■ What is required
Restate the listing below line for line and word for word, without the pictures.

■ Supplied information
════

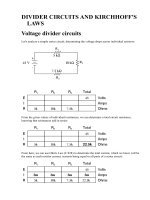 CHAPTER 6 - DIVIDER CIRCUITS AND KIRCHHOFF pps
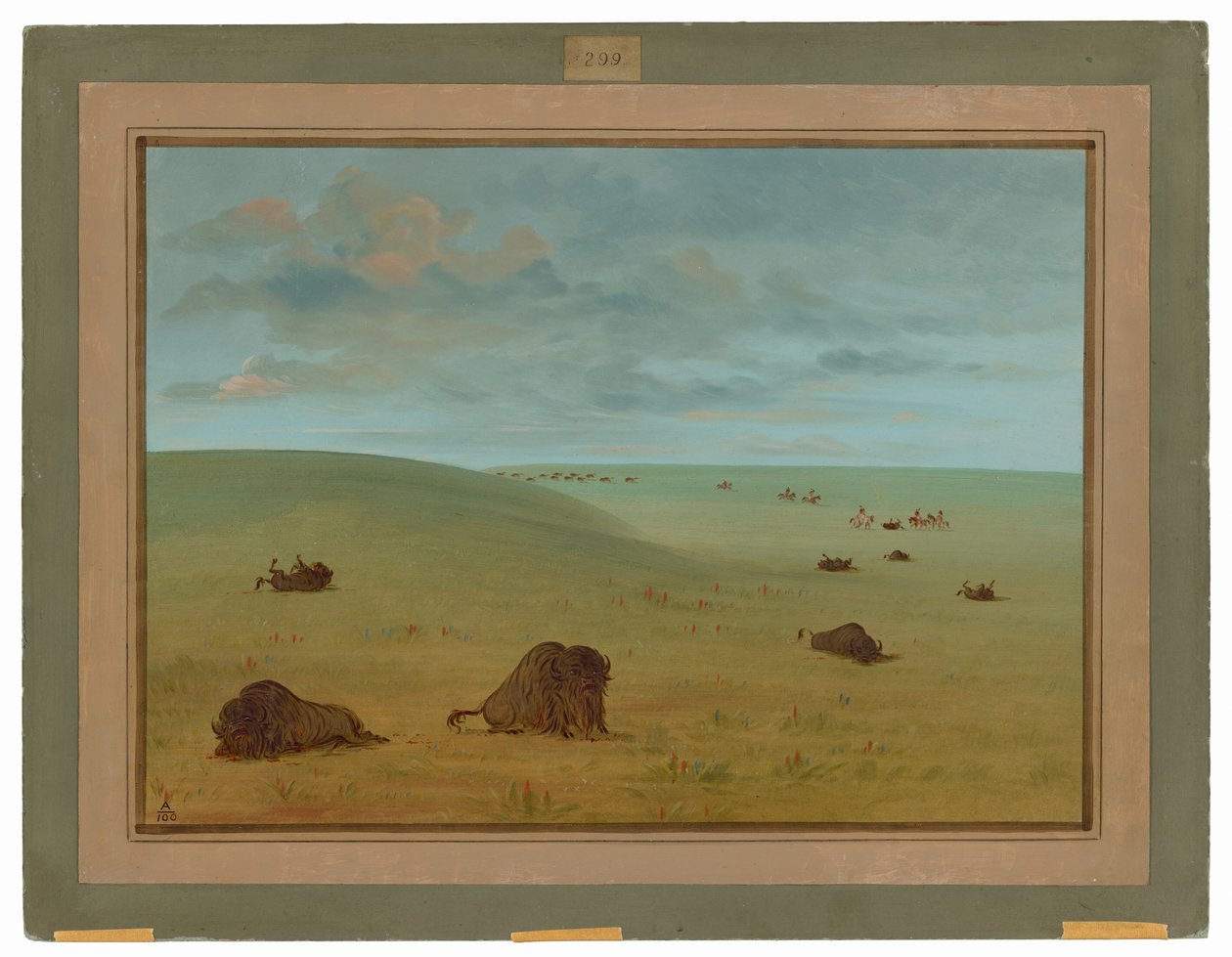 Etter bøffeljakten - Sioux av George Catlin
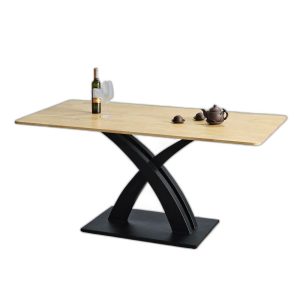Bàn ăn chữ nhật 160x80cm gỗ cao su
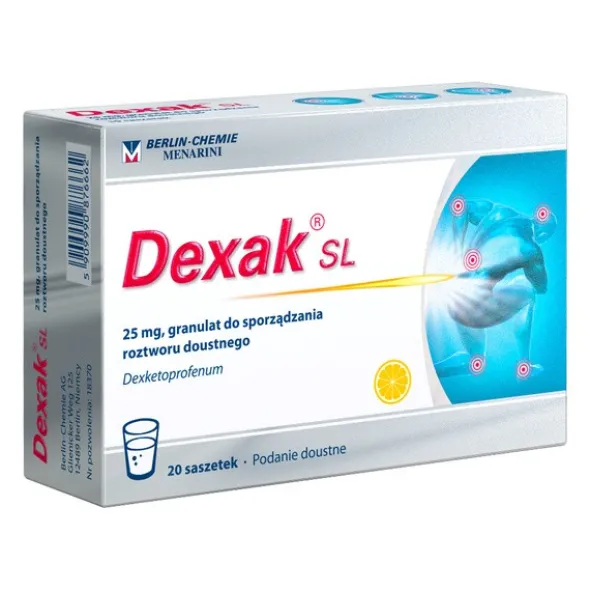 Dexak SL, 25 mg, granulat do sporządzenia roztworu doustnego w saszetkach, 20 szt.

════

■ Your solution
 CHAPTER 6 - DIVIDER CIRCUITS AND KIRCHHOFF pps
 Etter bøffeljakten - Sioux av George Catlin
Bàn ăn chữ nhật 160x80cm gỗ cao su
 Dexak SL, 25 mg, granulat do sporządzenia roztworu doustnego w saszetkach, 20 szt.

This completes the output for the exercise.